To illustrate his point Jesus tells the story of a man who owes an astronomical amount of money in debt: 10,000 talents.  To give you some perspective, that is the equivalent of a day’s worth of wages for 150,000 years!  It’s more than the annual budget of the entire Roman province where these folks lived. It’s hyperbole. The point is that it’s an unplayable debt. When this man shows contrition, the one he owes forgives him the unplayable debt, undoubtedly expecting that he would do the same. But when that first man encounters someone who owes him a much more reasonable debt, he seeks vengeance and retribution. The parables’s message seems clear: forgive as you are forgiven.


An Eastern icon depicting the Parable of the Unmerciful Servant.



This sounds easy enough, but there’s a lot that goes unsaid here about the nature of “forgiveness” in an ancient Jewish context that perhaps those of us hearing the story today may not catch because the text takes it for granted. For example, it was common knowledge that the instruction about forgiving debts – whether the injury was financial or moral – was contingent upon a person admitting the wrong and seeking the other person’s forgiveness. And even when a person demonstrated such remorse, they may not immediately be granted the forgiveness they sought; in fact, the Torah stated that a person could deny their wrongdoer forgiveness up to three times. After that, however, if they didn’t forgive the offender, they were considered guilty of a greater sin. So the instruction to forgive as many times as it takes assumes contrition on the part of the wrongdoer. But what do you do when there is no contrition, no admittance of wrongdoing?


Forgiveness in the context of God’s grace, freely bestowed to all and never earned, is one of the greatest gifts that God gives us. Sadly, the concept of “forgiveness” often becomes so distorted in the context of the modern Church that those who are experiencing real harm are told to “just forgive,” without any further examination as to whether the harm has stopped, or whether the person causing the harm has shown any real understanding of their behavior, much less genuine contrition. Often in churches forgiveness becomes weaponized as a way of maintaining the status quo, protecting those in power while putting the onus on the victim to pretend like all is fine. People who are caught in cycles of abuse – especially when the abuse is more psychological than physical – are too often counseled by well-meaning pastors, spiritual directors, and church friends to “forgive and forget," which nearly always leads to further the abuse continuing. 
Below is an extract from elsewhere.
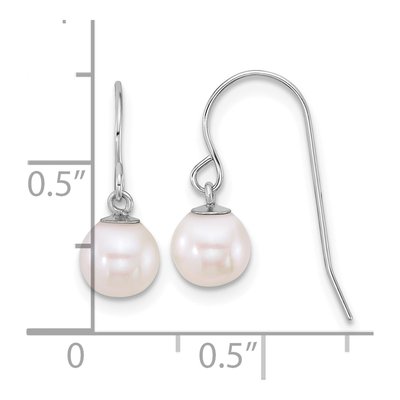 14K White Gold Freshwater Cultured Pearl Dangle Earrings – view 3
We see this play out on a larger scale as well, when church leaders or politicians are publicly called out for immoral and even downright criminal behavior, and they respond with half-hearted “non-apologies” – saying they’re sorry if anyone was offended, or reminding everyone that they aren’t perfect (but who is?). They ask forgiveness with their words, but they are focused much more on maintaining their public image than the actual impact of their behavior on others. There is clearly no contrition there, no acknowledgement of the harm and then asking for forgiveness. They want those who were harmed to deny their experience and stop telling the truth about it. 


That is not forgiveness. That’s just denial. Last week I talked about conflict and the importance of “caring enough to confront.” Whether we are the one on the receiving end of harm, or the one who has wronged another, forgiveness requires us to accept the reality of our situation. The goal is not to forgive and forget,  but to understand and remember, and then choose a path of mercy. 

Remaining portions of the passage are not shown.